Uber Hack Exposes Data of 57m Users and Drivers
Uber has admitted to covering up a breach that could have potentially exposed the personal data of around 57m customers and drivers.
Details of the breach have only just been released, with the hack allegedly occurring in October 2016. According to the company, hackers gained access to millions of customer names, email addresses and phone numbers, alongside the license numbers for around 600,000 US drivers. However, the company claims that more sensitive data, such as credit card numbers, bank details and location information, was not compromised.
Rather than notify regulators and customers, Uber chose to pay the hackers $100,000 to delete the data affected and keep quiet about the breach.
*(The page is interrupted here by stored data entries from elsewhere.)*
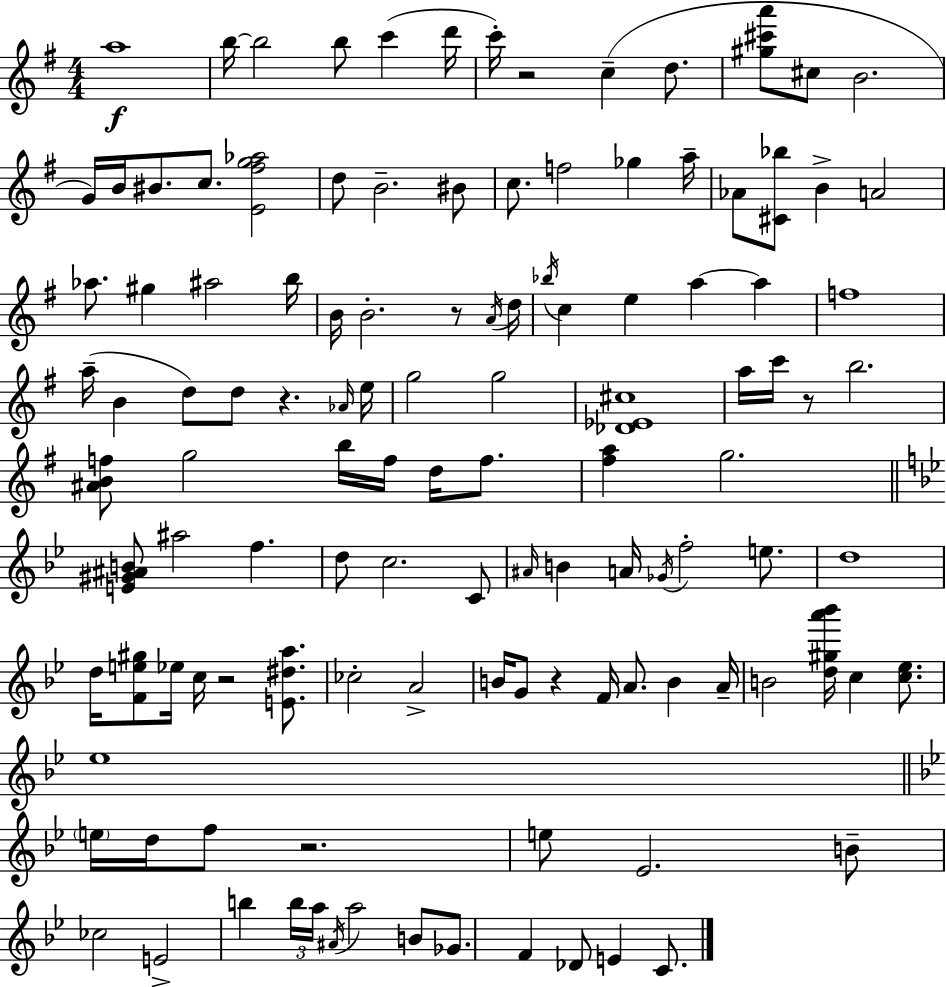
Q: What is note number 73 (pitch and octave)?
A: A4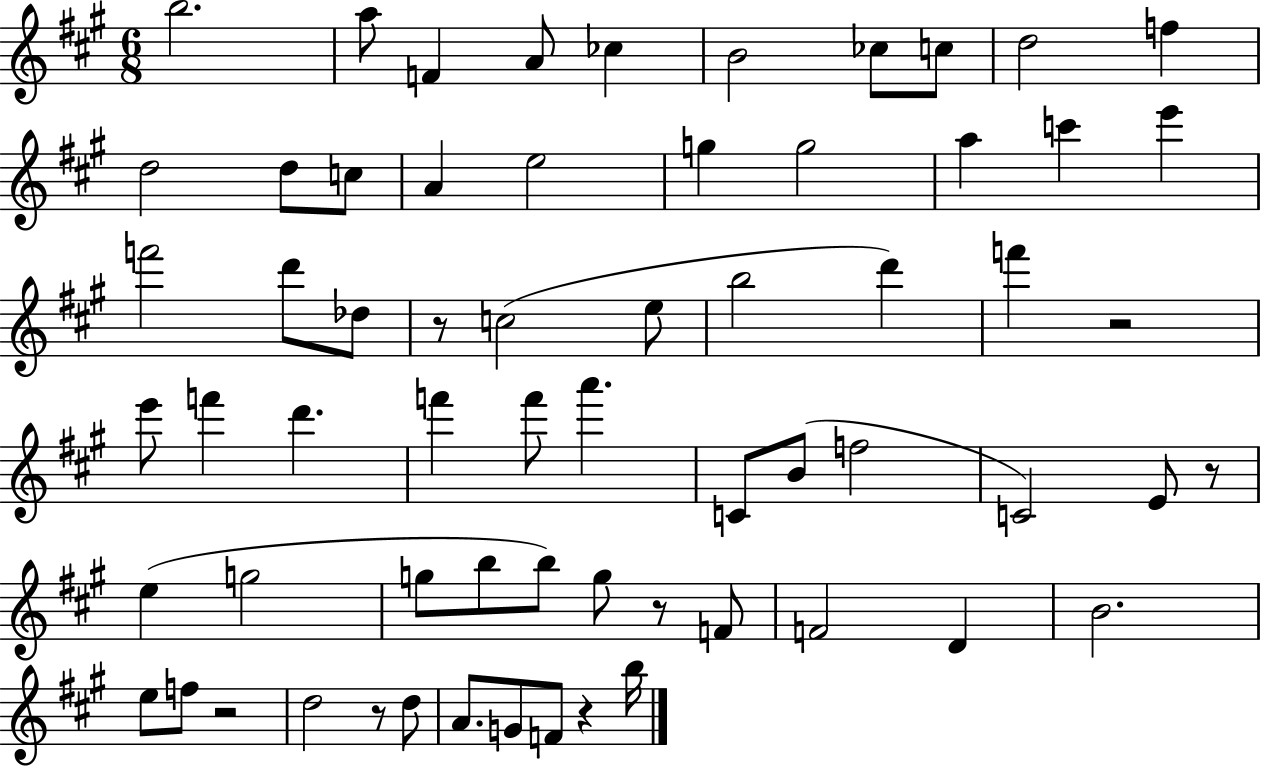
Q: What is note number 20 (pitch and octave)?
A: E6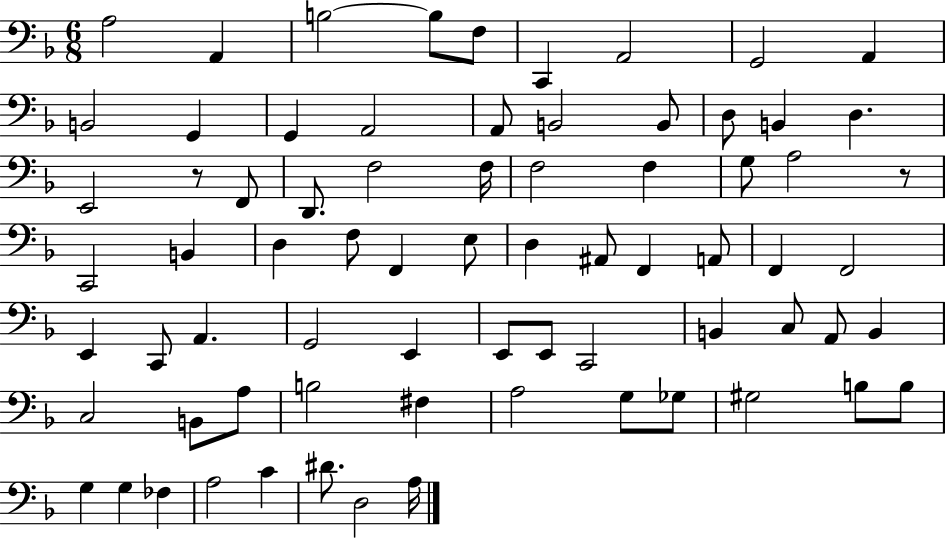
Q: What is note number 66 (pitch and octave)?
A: FES3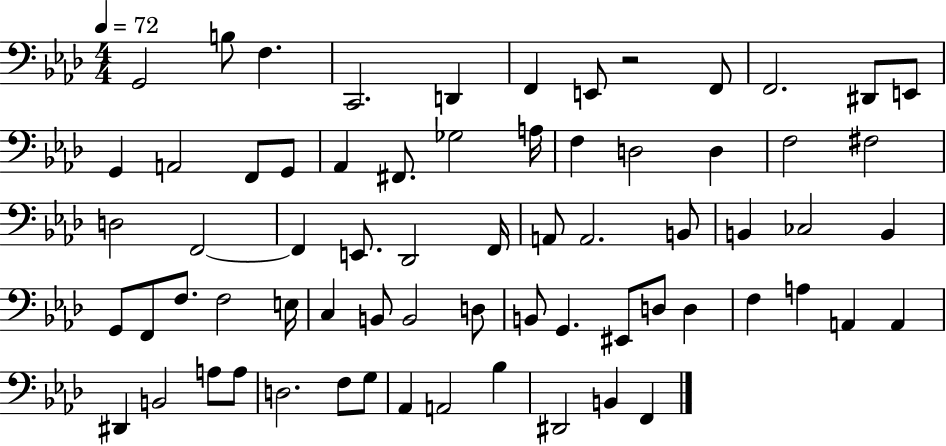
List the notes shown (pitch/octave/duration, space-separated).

G2/h B3/e F3/q. C2/h. D2/q F2/q E2/e R/h F2/e F2/h. D#2/e E2/e G2/q A2/h F2/e G2/e Ab2/q F#2/e. Gb3/h A3/s F3/q D3/h D3/q F3/h F#3/h D3/h F2/h F2/q E2/e. Db2/h F2/s A2/e A2/h. B2/e B2/q CES3/h B2/q G2/e F2/e F3/e. F3/h E3/s C3/q B2/e B2/h D3/e B2/e G2/q. EIS2/e D3/e D3/q F3/q A3/q A2/q A2/q D#2/q B2/h A3/e A3/e D3/h. F3/e G3/e Ab2/q A2/h Bb3/q D#2/h B2/q F2/q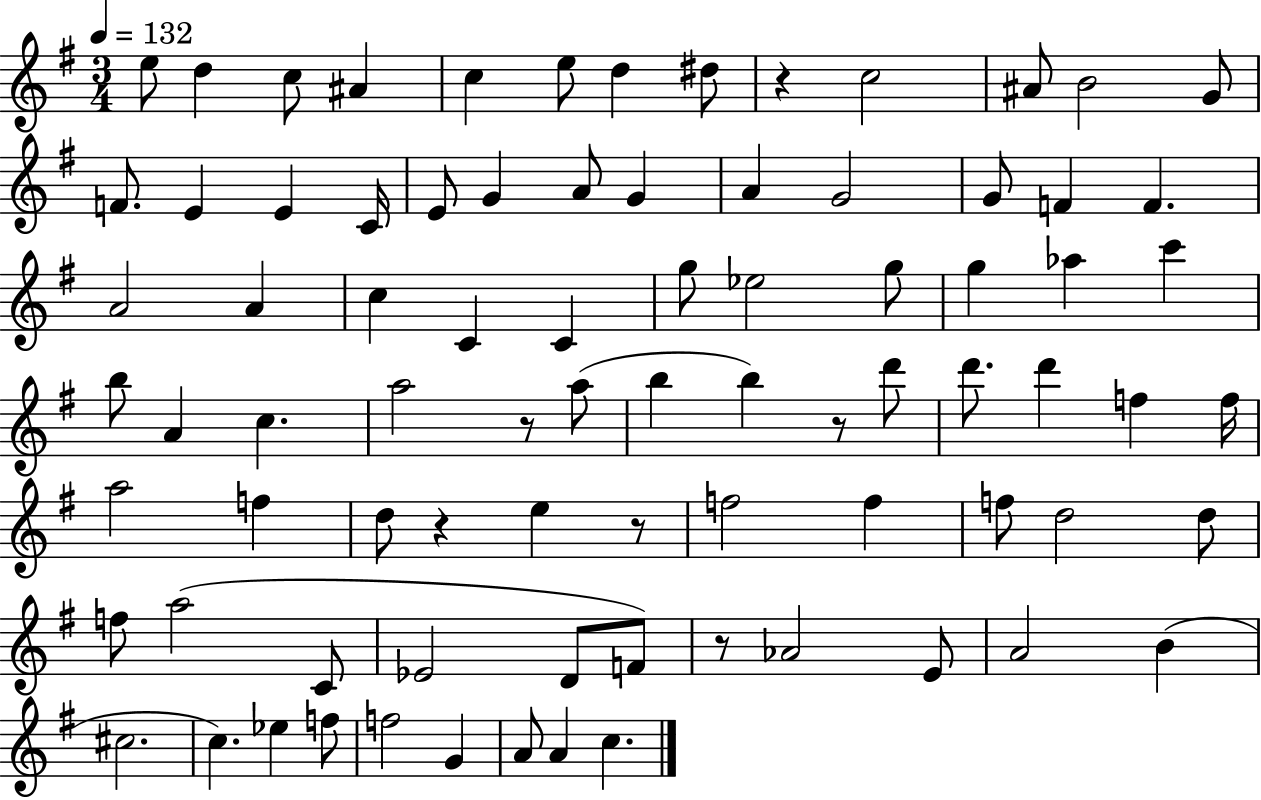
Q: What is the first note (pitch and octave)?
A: E5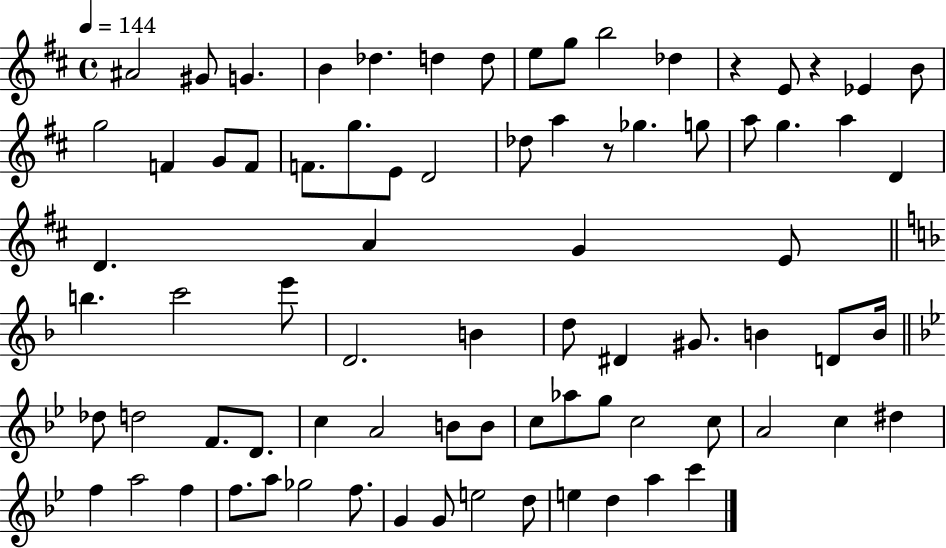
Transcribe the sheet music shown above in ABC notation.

X:1
T:Untitled
M:4/4
L:1/4
K:D
^A2 ^G/2 G B _d d d/2 e/2 g/2 b2 _d z E/2 z _E B/2 g2 F G/2 F/2 F/2 g/2 E/2 D2 _d/2 a z/2 _g g/2 a/2 g a D D A G E/2 b c'2 e'/2 D2 B d/2 ^D ^G/2 B D/2 B/4 _d/2 d2 F/2 D/2 c A2 B/2 B/2 c/2 _a/2 g/2 c2 c/2 A2 c ^d f a2 f f/2 a/2 _g2 f/2 G G/2 e2 d/2 e d a c'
The company then concealed details of the hack for over a year, until Bloomberg finally broke the news to the public earlier this month.
The breach occurred when hackers gained the login details of data stored on Uber’s unencrypted Amazon Web Services account, providing easy access to millions of lines of sensitive data. The fact that the data was unencrypted was “unforgivable” and “amateur”, web security experts say.
Employees directly responsible for the cover up have now been fired, and an internal investigation is allegedly underway. In a statement acknowledging the hack, current Uber CEO Dara Khosrowshahi said: “None of this should have happened, and I will not make excuses for it. While I can’t erase the past, I can commit on behalf of every Uber employee that we will learn from our mistakes.”
“At the time of the incident, we took immediate steps to secure the data and shut down further unauthorized access by the individuals. We subsequently identified the individuals and obtained assurances that the downloaded data had been destroyed. We also implemented security measures to restrict access to and strengthen controls on our cloud-based storage accounts.”
Lawyers say that as Uber did not immediately notify regulators, they are now legally responsible for the breach. Consequently Uber now faces legal action in a number of US states, with the California and New York attorney generals both opening investigations into the company.
The hack is only the latest in what has been an eventful year for Uber, which has seen the company legally obliged to stop operating in Italy, Denmark, and London, lose an employment tribunal, and undergo an investigation into internal working practices.